The errors identified in the Wikipedia articles selected for last month's review published in Nature have all been addressed. The final corrections needed were made last week, according to Violetriga, one of the participants in a project responding to the study.
The original report, published 14 December 2005 (see archived story), covered 42 articles on scientific topics, comparing the number of mistakes in both Wikipedia and Encyclopædia Britannica. 42 days later on 25 January, the effort on Wikipedia's part to address these errors was declared complete. Only 38 articles actually required changes, however, since Nature reviewers identified no errors in four of them.
Although Nature published the results of the study on 14 December, a detailed report of what errors were found was not initially available.

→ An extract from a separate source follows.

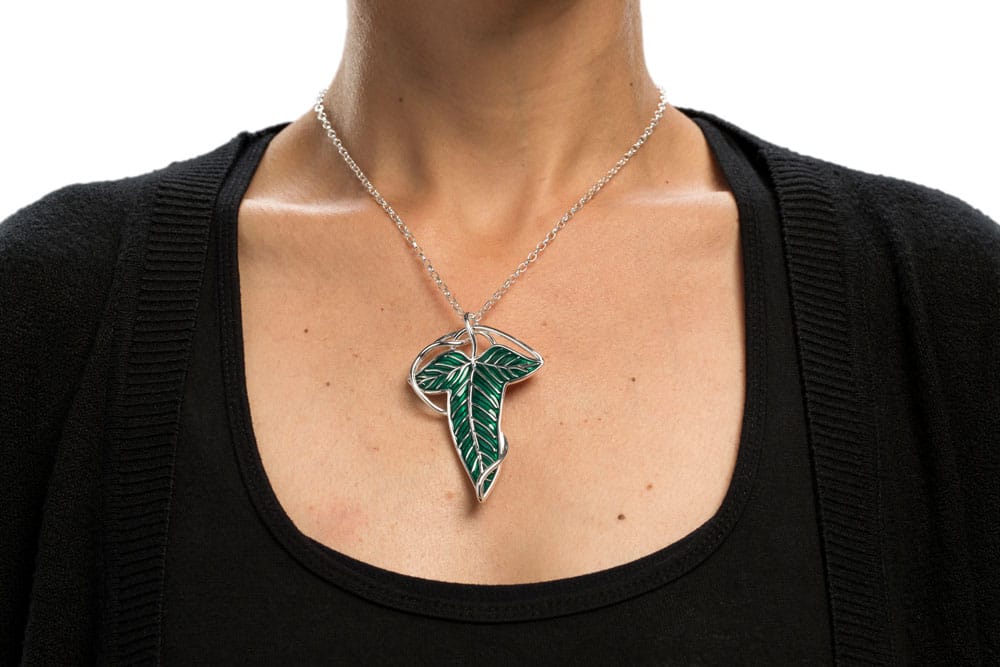 Lord of the Rings Replica 1/1 Elven Leaf Brooch & Chain (Sterling Silver) 9420024710906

More than a week later, supplementary information (PDF file) explaining the review process in greater detail and indicating the errors identified was posted on the journal's blog.
By this time, work was already underway to address the criticisms, as the articles with problems were tagged with Template:NatureDispute and most began being edited fairly heavily. As a case in point, Cambrian explosion, one of the more flawed articles at 11 errors, had already been the subject of a significant rewrite by Dragons flight. Based on a table used to keep track of progress at correcting the articles, at least 15 mistakes were already fixed before Nature was able to release information about the nature of the errors.

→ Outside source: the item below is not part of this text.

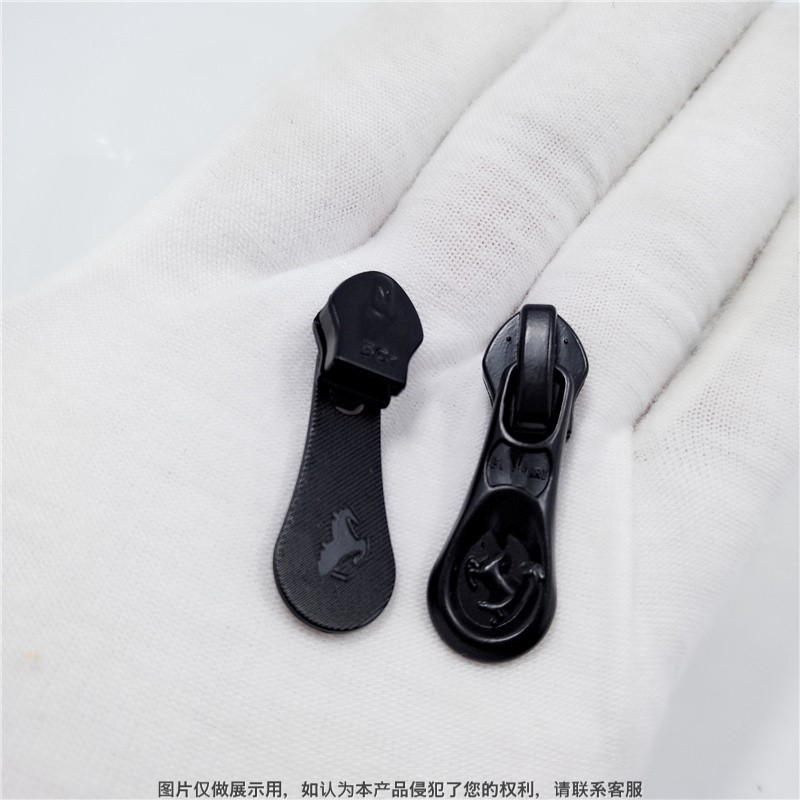 Mold Opening and Development of Leather Goods Black Zipper Head, Horse Relief Logo Hardware, Ledger/Leather Case Decorative Accessories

In some cases, the issues were partly traceable to difficulties with the information available. For example Dmitri Mendeleev, the article in which the most errors were found (19), had problems with the number of siblings in Mendeleev's family. He was apparently the last of 13 surviving children, or the last of 17 total. Britannica stated 17 without qualification; Wikipedia said 14 at the time, and some other reference sources give this or some other number. The New York Times reported that a book written by reviewer Michael Gordin actually contained the same number that he identified in Wikipedia as being incorrect. His response: "I believe that is a typographical error in my book."

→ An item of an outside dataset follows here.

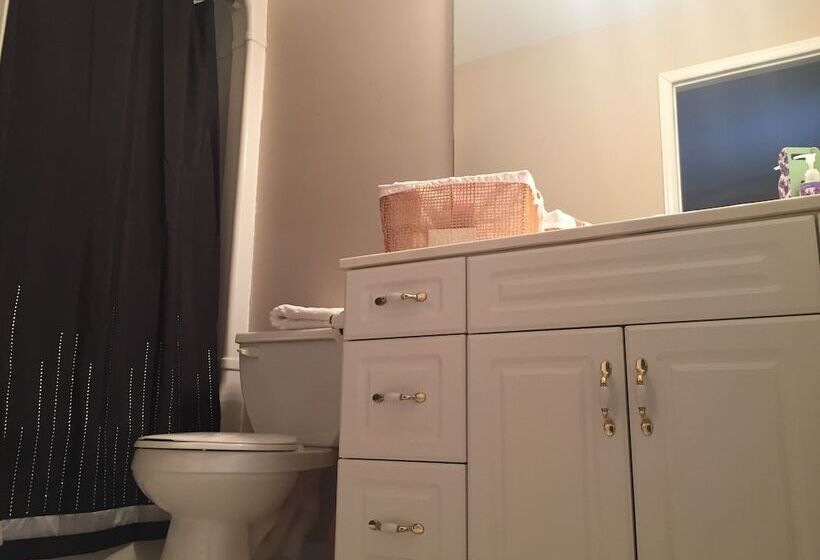 スイート, Niagara On The Lake Furnished Rentals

As the two articles with the most errors, Cambrian explosion and Dmitri Mendeleev were also the last to be checked off. And, as is always the case on Wikipedia, work on any of these articles cannot exactly be considered "finished". As to Mendeleev, to cite one instance, Gordin's review called for more information about "his role as an economic thinker, his work on the theory and practice of protectionist trade, his work on agriculture, etc." The fact that Mendeleev worked in these fields is now mentioned, but without much explanation other than a laudatory quote from a Russian historian of science, so more could certainly be added.